→ YOUR INSTRUCTIONS
Look below for the line that has "Shoulder Length Hairstyles". Set down the lines from there through the line that has "TRAVEL BATH TOWEL", exactly as written.

(Data extracted from a collection)
"""

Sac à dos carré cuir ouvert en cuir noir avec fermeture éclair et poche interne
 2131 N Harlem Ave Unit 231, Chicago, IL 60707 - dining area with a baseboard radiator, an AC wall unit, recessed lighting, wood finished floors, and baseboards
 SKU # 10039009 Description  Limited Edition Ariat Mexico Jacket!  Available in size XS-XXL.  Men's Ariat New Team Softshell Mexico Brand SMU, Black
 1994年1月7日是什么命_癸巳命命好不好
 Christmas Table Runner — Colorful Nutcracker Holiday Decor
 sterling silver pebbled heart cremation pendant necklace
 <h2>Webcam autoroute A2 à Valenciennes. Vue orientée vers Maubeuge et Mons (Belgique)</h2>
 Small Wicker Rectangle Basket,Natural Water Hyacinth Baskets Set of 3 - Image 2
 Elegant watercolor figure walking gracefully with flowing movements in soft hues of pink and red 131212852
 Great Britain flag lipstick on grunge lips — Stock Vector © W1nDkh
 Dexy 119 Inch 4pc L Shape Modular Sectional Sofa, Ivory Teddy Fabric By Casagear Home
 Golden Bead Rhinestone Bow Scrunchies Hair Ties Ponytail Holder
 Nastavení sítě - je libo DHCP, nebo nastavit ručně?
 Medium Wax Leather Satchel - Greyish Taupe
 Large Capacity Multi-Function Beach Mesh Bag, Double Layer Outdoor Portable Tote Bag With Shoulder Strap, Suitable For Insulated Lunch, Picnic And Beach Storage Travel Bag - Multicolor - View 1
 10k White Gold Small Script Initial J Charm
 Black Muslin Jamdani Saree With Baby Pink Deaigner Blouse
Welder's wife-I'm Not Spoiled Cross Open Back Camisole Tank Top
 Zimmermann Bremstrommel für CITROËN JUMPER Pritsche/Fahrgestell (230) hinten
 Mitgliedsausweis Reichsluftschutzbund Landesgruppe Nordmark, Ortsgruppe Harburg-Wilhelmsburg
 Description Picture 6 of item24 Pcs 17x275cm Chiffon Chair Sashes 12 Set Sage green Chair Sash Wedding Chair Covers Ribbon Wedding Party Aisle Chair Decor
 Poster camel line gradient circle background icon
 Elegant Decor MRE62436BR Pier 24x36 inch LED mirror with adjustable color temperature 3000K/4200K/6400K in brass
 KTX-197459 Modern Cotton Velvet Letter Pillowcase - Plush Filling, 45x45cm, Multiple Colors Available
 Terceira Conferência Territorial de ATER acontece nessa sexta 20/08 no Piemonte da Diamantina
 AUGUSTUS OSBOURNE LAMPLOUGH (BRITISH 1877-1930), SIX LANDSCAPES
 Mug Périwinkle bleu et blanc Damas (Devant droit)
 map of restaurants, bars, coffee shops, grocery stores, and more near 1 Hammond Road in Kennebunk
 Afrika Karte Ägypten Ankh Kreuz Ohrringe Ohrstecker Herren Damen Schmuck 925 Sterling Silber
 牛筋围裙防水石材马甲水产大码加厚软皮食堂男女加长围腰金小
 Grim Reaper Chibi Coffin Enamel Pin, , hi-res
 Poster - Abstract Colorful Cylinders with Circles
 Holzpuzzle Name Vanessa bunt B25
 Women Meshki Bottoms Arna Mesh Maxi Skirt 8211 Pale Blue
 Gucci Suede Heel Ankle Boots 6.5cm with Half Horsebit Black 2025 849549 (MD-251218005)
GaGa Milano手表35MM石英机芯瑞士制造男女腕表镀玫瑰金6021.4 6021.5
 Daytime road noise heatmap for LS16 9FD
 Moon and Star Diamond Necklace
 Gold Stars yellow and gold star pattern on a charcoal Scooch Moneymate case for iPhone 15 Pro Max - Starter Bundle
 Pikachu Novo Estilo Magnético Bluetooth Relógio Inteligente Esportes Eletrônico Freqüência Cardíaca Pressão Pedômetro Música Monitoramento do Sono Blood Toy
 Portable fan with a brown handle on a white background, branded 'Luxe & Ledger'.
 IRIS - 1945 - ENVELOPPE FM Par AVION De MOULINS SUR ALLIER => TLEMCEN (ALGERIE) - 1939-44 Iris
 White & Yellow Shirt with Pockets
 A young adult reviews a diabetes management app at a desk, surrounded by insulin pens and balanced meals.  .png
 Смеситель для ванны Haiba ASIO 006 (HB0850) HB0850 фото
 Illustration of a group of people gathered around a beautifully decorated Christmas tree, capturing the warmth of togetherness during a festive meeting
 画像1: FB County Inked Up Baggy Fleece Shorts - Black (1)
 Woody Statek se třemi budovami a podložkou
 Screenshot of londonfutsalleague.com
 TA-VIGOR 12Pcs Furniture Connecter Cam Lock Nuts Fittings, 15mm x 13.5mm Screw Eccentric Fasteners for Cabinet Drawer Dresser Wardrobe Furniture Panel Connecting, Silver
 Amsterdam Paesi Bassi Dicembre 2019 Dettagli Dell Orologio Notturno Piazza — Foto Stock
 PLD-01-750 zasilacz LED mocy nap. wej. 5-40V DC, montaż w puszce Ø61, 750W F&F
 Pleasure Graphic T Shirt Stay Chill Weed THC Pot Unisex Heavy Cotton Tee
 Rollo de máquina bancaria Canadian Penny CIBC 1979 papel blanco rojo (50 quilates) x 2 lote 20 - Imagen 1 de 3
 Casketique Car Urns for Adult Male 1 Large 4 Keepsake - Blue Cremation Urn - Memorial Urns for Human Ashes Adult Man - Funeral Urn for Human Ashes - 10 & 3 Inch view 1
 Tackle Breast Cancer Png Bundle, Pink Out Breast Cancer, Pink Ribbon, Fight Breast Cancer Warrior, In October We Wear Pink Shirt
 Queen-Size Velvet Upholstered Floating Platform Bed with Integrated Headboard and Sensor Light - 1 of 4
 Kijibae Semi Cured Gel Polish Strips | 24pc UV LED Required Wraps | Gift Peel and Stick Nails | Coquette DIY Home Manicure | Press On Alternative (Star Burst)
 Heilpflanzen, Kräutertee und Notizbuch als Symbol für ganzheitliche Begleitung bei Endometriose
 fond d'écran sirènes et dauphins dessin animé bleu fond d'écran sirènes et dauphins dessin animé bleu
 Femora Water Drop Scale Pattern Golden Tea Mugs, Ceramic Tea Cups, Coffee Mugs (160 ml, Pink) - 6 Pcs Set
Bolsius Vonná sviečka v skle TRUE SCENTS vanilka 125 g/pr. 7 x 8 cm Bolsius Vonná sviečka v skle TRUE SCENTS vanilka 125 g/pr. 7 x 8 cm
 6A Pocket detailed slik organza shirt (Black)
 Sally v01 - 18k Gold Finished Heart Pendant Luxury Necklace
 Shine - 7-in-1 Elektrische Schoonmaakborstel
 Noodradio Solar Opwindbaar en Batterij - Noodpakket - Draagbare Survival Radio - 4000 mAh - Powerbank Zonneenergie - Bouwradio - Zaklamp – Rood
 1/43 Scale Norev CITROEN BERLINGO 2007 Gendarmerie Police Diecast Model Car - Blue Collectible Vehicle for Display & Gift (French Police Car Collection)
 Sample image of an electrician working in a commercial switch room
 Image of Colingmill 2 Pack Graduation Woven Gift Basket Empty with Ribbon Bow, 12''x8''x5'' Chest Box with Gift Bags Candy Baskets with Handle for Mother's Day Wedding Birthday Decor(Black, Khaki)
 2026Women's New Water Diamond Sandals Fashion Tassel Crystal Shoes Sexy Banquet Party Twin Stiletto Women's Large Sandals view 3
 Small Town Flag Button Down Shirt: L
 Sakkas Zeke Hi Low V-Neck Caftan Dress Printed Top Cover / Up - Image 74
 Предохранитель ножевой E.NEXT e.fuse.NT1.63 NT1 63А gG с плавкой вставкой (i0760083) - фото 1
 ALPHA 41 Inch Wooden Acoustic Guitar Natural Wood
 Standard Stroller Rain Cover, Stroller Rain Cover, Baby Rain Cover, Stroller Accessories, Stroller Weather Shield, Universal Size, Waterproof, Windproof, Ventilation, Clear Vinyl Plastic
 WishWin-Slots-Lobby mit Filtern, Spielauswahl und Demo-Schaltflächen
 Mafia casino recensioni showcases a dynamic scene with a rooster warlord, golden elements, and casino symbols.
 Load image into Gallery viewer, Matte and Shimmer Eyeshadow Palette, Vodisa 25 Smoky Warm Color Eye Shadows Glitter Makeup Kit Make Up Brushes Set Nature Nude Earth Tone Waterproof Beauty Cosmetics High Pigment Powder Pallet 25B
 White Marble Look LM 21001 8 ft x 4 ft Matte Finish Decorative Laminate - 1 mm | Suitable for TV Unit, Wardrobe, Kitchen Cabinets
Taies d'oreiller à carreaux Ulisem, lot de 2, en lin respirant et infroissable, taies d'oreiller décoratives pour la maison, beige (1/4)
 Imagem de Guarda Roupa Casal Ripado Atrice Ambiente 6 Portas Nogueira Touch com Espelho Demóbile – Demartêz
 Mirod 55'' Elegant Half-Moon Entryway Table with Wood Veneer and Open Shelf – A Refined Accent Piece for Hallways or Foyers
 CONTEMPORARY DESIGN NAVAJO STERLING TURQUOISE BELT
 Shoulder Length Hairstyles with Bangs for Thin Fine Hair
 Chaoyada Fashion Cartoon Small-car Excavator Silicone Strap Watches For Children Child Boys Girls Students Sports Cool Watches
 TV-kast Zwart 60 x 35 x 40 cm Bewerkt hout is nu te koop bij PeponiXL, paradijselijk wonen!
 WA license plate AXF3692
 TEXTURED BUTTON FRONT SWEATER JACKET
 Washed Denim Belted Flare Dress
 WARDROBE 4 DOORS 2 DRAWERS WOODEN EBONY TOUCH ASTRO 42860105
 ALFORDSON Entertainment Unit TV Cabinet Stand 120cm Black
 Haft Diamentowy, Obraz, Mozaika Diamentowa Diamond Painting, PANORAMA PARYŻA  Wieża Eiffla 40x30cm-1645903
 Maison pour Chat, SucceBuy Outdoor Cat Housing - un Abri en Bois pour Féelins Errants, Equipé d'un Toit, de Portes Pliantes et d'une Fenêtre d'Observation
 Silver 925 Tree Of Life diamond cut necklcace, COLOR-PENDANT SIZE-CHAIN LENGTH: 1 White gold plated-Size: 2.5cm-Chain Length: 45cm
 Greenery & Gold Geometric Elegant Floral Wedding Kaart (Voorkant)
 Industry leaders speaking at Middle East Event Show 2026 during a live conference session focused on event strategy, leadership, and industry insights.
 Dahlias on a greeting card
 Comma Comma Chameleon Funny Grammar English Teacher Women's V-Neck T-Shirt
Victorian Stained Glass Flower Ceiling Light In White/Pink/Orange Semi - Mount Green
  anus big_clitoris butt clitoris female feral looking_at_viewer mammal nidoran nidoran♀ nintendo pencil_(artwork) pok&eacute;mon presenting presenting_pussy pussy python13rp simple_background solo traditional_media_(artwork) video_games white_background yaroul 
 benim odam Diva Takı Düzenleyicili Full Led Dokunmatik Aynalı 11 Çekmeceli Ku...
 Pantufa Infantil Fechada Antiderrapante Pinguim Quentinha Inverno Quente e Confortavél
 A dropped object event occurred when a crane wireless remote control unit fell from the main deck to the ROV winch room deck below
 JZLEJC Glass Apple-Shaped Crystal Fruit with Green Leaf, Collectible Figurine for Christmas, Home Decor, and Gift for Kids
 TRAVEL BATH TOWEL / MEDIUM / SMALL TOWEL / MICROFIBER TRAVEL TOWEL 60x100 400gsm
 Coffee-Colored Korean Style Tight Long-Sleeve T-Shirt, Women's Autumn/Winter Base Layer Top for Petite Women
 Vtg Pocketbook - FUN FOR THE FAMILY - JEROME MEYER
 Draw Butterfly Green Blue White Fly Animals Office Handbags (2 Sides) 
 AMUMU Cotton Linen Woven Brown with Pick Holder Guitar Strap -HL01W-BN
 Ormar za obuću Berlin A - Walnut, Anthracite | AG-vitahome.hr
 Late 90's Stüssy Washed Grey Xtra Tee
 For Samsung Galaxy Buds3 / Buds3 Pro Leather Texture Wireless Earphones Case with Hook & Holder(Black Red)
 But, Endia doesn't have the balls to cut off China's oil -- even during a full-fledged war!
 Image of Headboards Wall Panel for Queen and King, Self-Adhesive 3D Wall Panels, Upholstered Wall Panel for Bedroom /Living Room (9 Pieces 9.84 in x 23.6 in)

"""

→ REPLY
 Shoulder Length Hairstyles with Bangs for Thin Fine Hair
 Chaoyada Fashion Cartoon Small-car Excavator Silicone Strap Watches For Children Child Boys Girls Students Sports Cool Watches
 TV-kast Zwart 60 x 35 x 40 cm Bewerkt hout is nu te koop bij PeponiXL, paradijselijk wonen!
 WA license plate AXF3692
 TEXTURED BUTTON FRONT SWEATER JACKET
 Washed Denim Belted Flare Dress
 WARDROBE 4 DOORS 2 DRAWERS WOODEN EBONY TOUCH ASTRO 42860105
 ALFORDSON Entertainment Unit TV Cabinet Stand 120cm Black
 Haft Diamentowy, Obraz, Mozaika Diamentowa Diamond Painting, PANORAMA PARYŻA  Wieża Eiffla 40x30cm-1645903
 Maison pour Chat, SucceBuy Outdoor Cat Housing - un Abri en Bois pour Féelins Errants, Equipé d'un Toit, de Portes Pliantes et d'une Fenêtre d'Observation
 Silver 925 Tree Of Life diamond cut necklcace, COLOR-PENDANT SIZE-CHAIN LENGTH: 1 White gold plated-Size: 2.5cm-Chain Length: 45cm
 Greenery & Gold Geometric Elegant Floral Wedding Kaart (Voorkant)
 Industry leaders speaking at Middle East Event Show 2026 during a live conference session focused on event strategy, leadership, and industry insights.
 Dahlias on a greeting card
 Comma Comma Chameleon Funny Grammar English Teacher Women's V-Neck T-Shirt
Victorian Stained Glass Flower Ceiling Light In White/Pink/Orange Semi - Mount Green
  anus big_clitoris butt clitoris female feral looking_at_viewer mammal nidoran nidoran♀ nintendo pencil_(artwork) pok&eacute;mon presenting presenting_pussy pussy python13rp simple_background solo traditional_media_(artwork) video_games white_background yaroul 
 benim odam Diva Takı Düzenleyicili Full Led Dokunmatik Aynalı 11 Çekmeceli Ku...
 Pantufa Infantil Fechada Antiderrapante Pinguim Quentinha Inverno Quente e Confortavél
 A dropped object event occurred when a crane wireless remote control unit fell from the main deck to the ROV winch room deck below
 JZLEJC Glass Apple-Shaped Crystal Fruit with Green Leaf, Collectible Figurine for Christmas, Home Decor, and Gift for Kids
 TRAVEL BATH TOWEL / MEDIUM / SMALL TOWEL / MICROFIBER TRAVEL TOWEL 60x100 400gsm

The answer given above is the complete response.